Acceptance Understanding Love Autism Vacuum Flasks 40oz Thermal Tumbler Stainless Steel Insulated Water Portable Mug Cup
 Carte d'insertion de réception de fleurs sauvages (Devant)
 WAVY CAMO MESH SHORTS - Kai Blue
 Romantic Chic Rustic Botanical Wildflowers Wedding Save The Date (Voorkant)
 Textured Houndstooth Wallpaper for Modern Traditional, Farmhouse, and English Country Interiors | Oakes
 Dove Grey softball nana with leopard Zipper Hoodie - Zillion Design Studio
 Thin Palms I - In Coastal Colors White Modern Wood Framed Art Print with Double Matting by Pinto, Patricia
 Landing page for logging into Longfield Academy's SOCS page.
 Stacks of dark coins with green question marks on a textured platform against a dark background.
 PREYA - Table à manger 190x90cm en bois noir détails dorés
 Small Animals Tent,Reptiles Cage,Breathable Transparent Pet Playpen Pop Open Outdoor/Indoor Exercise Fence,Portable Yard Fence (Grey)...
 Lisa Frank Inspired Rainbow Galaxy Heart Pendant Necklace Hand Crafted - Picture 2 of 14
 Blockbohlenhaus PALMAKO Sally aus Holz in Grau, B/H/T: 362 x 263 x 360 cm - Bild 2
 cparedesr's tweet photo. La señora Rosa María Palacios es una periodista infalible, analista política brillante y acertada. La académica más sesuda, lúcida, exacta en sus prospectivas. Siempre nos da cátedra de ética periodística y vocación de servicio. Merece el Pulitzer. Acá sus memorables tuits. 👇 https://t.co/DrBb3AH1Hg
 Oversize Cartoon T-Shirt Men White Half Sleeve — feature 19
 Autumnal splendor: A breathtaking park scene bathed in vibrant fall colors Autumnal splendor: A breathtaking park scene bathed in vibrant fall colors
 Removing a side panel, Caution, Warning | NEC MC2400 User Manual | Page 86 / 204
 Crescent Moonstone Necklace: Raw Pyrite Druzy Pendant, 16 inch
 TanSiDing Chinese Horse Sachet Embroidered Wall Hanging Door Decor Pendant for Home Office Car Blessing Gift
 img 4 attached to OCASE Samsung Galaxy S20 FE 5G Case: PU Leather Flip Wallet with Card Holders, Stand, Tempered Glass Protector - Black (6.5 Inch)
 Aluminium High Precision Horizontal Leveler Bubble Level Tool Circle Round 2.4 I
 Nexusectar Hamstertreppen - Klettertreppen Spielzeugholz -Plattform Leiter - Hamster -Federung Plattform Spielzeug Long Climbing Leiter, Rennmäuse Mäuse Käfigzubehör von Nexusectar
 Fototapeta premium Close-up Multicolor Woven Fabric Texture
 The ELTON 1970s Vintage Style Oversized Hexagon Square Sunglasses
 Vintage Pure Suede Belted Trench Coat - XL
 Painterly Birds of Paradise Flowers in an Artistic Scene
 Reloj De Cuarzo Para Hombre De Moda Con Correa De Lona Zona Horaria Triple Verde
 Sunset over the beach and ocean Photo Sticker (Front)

## AIM OF THE TASK
Write out the lines above from the one containing "Reloj De Cuarzo" through the last, exactly as they are.

## WRITTEN SOLUTION
 Reloj De Cuarzo Para Hombre De Moda Con Correa De Lona Zona Horaria Triple Verde
 Sunset over the beach and ocean Photo Sticker (Front)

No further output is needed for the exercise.